Lines 559-606 of John McNamara’s Translation
In Section 9, Beowulf invokes the sunrise as “the bright beacon of God,” and Wyrd as heathen concepts under color of Christianity and continues his tale of battling sea monsters. As some later pirate and some more ancient one, surely would the hero mentions his sword as the instrument of his preservation three times in the slaying of “nine sea-foes,” that his actions made certain that these monsters would not harry seafaring men in the future. [1]

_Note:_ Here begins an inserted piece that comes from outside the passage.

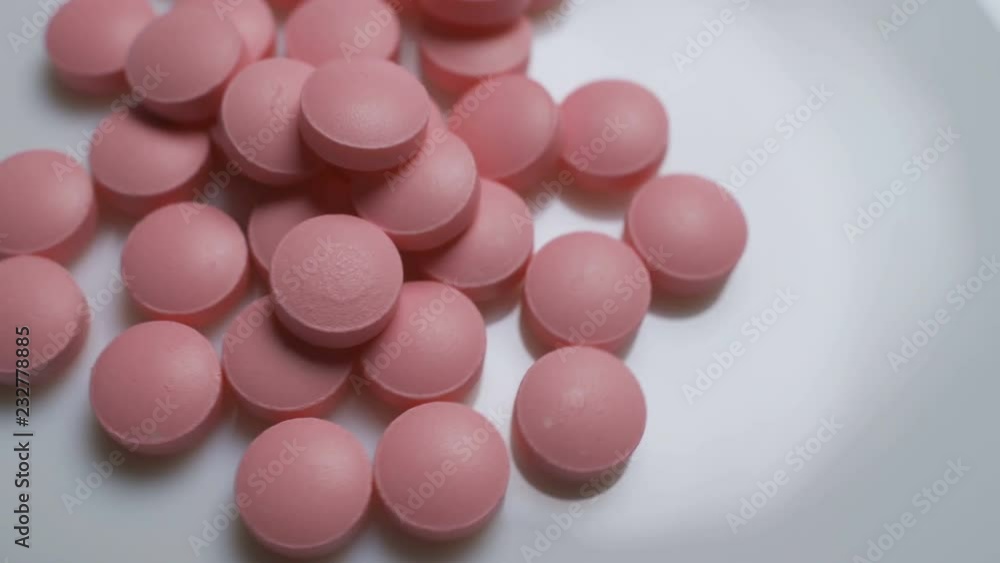 Pink pills rotate on a white background. Pink pills rotate on a white background.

While Breca had been blown by storm to Norway, Beowulf found himself marooned in Finland. Then the hero goes for the heart of his beer-hall detractor:
Lines 581-606
“…never have I heard
such stories of your skill in battle,
in furious sword-fights. Never yet has Breca—
nor either of you two—done deeds
of such blood-sport so boldly in battle,
with burnished blades—nor here do I boast—
yet you have killed your own brothers,
your nearest kin.”
The hero guest goes on to deride the Danes for being weakened by the spirit of the internal feud, of fearing the alien enemy and declaring that he would show Grendel the valor of “the Geats in warfare.”

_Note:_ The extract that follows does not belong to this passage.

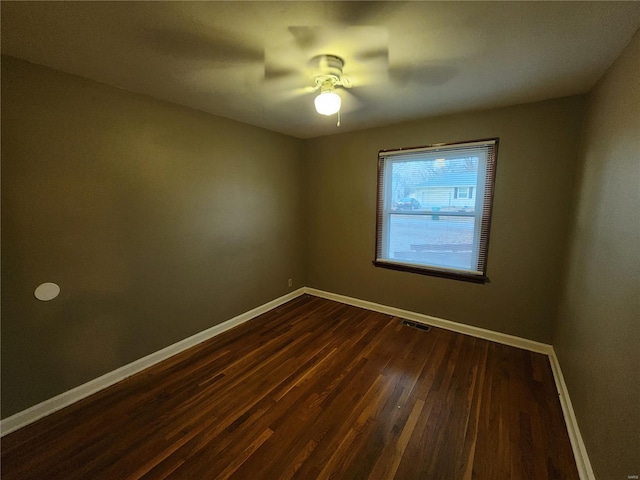 spare room featuring ceiling fan, dark wood-type flooring, visible vents, and baseboards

He closes this brutal, emasculating rant upon the lesser men, in which he implies that the heroes of his host king are lesser men, with something hopeful, even beautiful:
Lines 603-606
“…Then the one who still can
will go bravely to the mead, when morning’s sun,
clothed in light, shall shine from the south
over children of men for another day.”
Notes
-1. Even in Gottlieb Mitterberger’s 1748 account of the middle passage from England to Philadelphia, the sharks that followed the ship to feast on the dead thrown overboard every day, where not named sharks, but simply sea-monsters.